Talking about the spring with constant ${{K}_{2}}$ since we have assumed its elongation to be ${{x}_{2}}$ the elongation in the string directly attached to it will also be the same, and because of spring with constant ${{K}_{1}}$the pulley attached to that string will create a displacement of ${{x}_{1}}/2$which have to be equal to ${{x}_{2}}$ because of string property. Since the whole system is in equilibrium, we can equate the tension as well.

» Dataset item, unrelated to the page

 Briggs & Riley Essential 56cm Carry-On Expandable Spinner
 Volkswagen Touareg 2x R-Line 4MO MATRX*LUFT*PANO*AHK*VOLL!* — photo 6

From the above discussion we get the following result: ${{x}_{2}}={{x}_{1}}/2$
The above relation will be helpful in finding net displacement in terms of string elongation of strings attached to springs and rolled over pulleys.
Now let’s equate the tension to get another relation $2{{K}_{1}}{{x}_{1}}={{K}_{2}}{{x}_{2}}$putting the values of spring constant as provided in question we will get
$2{{x}_{1}}={{x}_{2}}$

Now let’s write total displacement
$x={{x}_{1}}+2{{x}_{2}}$
Putting the value of ${{x}_{2}}$ as obtained in the relation we will get
$x=5{{x}_{1}}$
Now restoring force, occurring on the mass will be ${{K}_{1}}{{x}_{1}}=ma$ where a is the acceleration by definition of SHM we can replace acceleration with ${{\omega }^{2}}x$ (see the hint).
${{K}_{1}}{{x}_{1}}=m{{\omega }^{2}}(5{{x}_{1}})$
On solving and putting the value of spring constant $\omega =1/5$
We know $\omega =2\pi f$ where $f$ is frequency and relation between frequency and time period is $f=1/T$. On solving we will get $T=10\pi $ seconds as the answer.

Hence, the time period of oscillation is $10\pi $.

Note: Such a question should be done by visualizing the situation since that will help you in understanding the concept of the spring system. Try to equate the tension and find the net displacement, use both to reach your desired answer.